You can see a lot of things there, such as each file and the latest commit that changed them, the repository's branches and a message from GitHub at the bottom: "Help people interested in this repository understand your project by adding a README." This refers to GitHub's built-in functionality of automatically rendering any markdown document named README or in the repository's root directory and displaying it along with what you can already see. Let's try it out!

  • Let's create a file and fill it with the following text:
# A Git tutorial

This repository contains tutorial information related to the **NBIS** course
*Tools for Reproducible Research*, specifically the session on using the `git`
software for version control.

## Links

You can find the latest stable version of the Git tutorial for the course
  • Add, commit and push these changes to GitHub.
git add
git commit -m "Add"
git push origin main

You should now be able to see the rendered markdown document, which looks a bit different from the text you copied in from above. Note that there are two different header levels, which come from the number of hash signs (#) used. You can also see bold text (which was surrounded by two asterisks), italic text (surrounded by one asterisk), in-line code (surrounded by acute accents) and a link (link text inside square brackets followed by link address inside parentheses).

It is important to add README-files to your repositories so that they are more documented and easily understood by others and, more likely, your future self. In fact, documentation is an important part of reproducible research! While the tools that you are introduced to by this course are all directly related to making science reproducible, you will also need good documentation. Make it a habit of always adding README-files for your repositories, fully explaining the ideas and rationale behind the project. You can even add README-files to sub-directories as well, giving you the opportunity to go more in-depth where you so desire.

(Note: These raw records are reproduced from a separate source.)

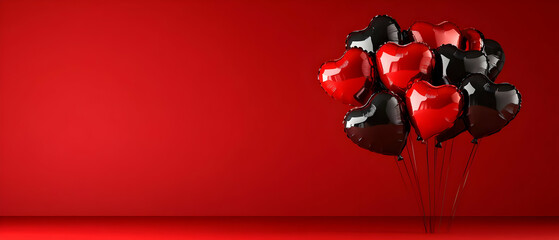 Red room, heart balloons, Valentine's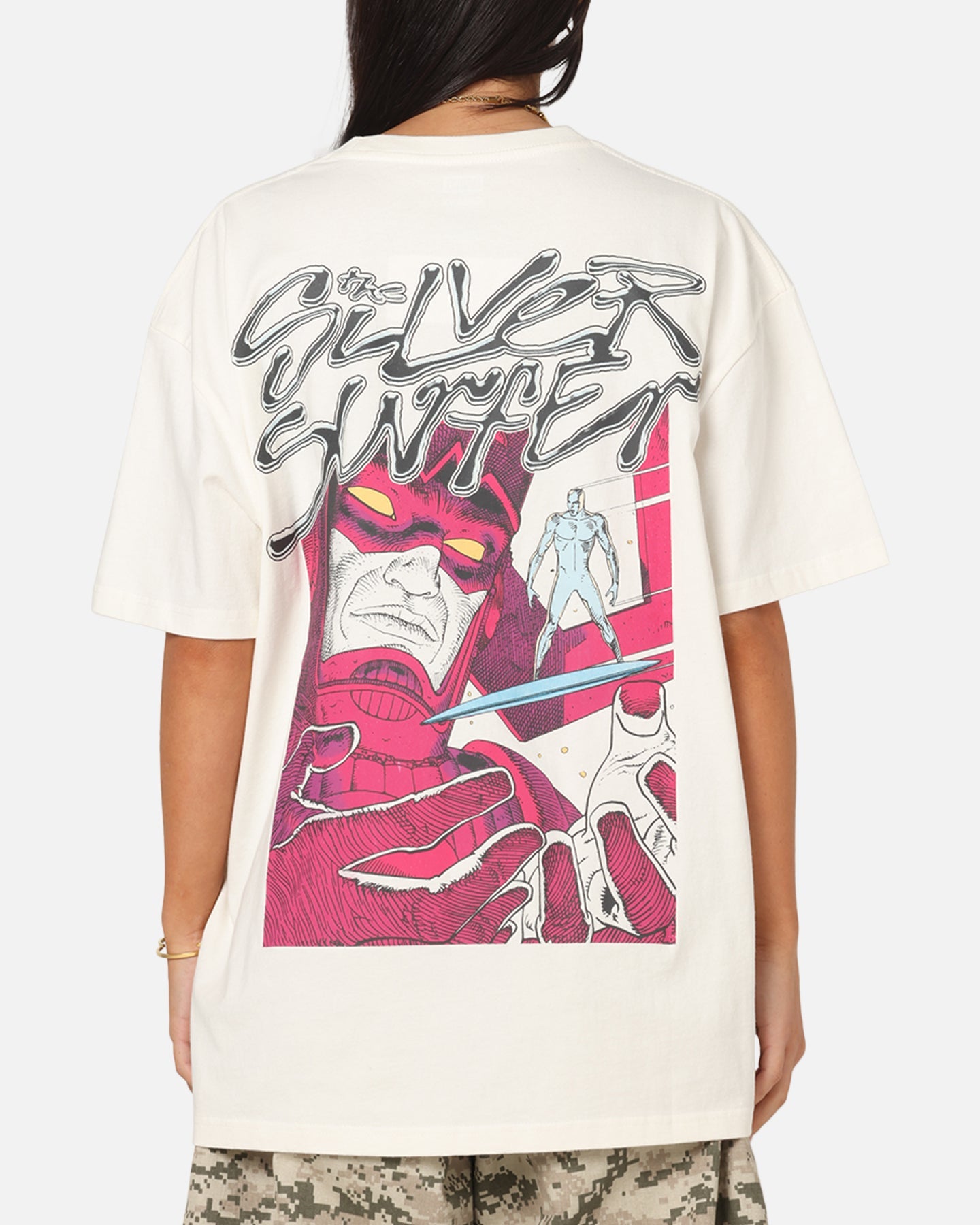 73 Studio Marvel Fantastic Four Silver Surfer Heavy T-Shirt Off White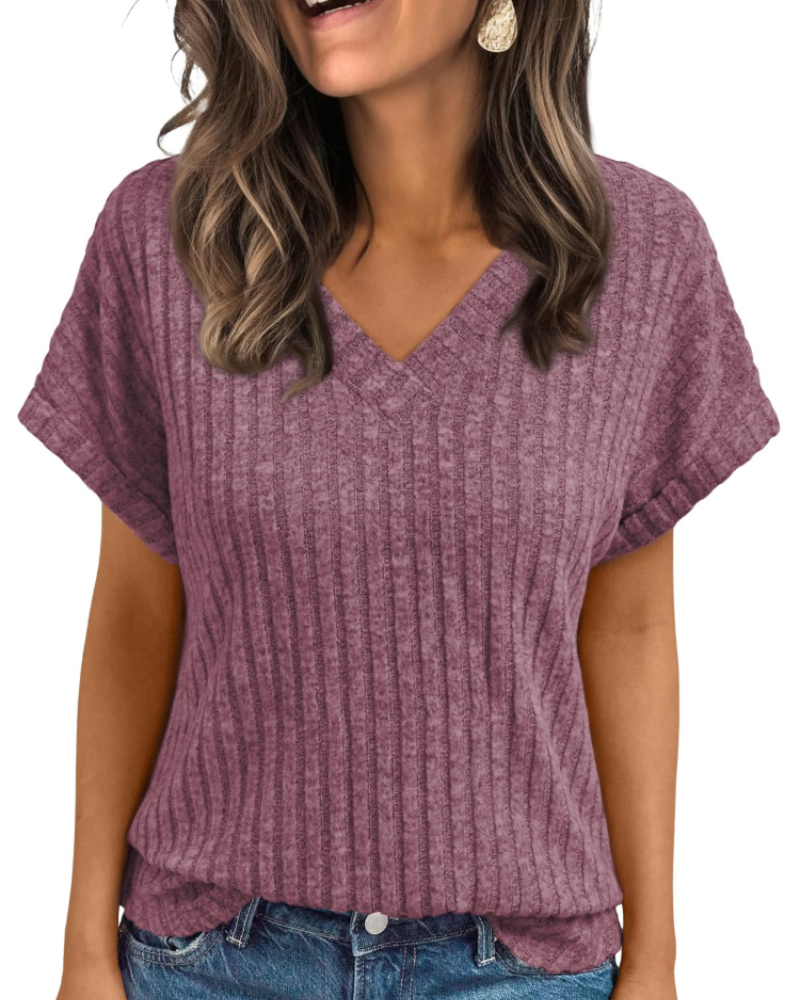 Orla Top Femme – Elegant V-halsbluse med korte ærmer, afslappet og chic løs pasform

There are a lot more things you can do with markdown than what we show here. Indeed, this entire course is mostly written in markdown! You can read more about markdown here.

Quick recap

We learned how to connect local git repositories to remote locations such as GitHub and how to upload commits using git push. We also learned the basics of markdown and how it can be used to document git repositories.

Browsing GitHub

GitHub and the rest of the websites that offer remote hosting of git repositories all have numerous features, which can be somewhat difficult to navigate in the beginning. We here go through some of the basics of what you can do with GitHub.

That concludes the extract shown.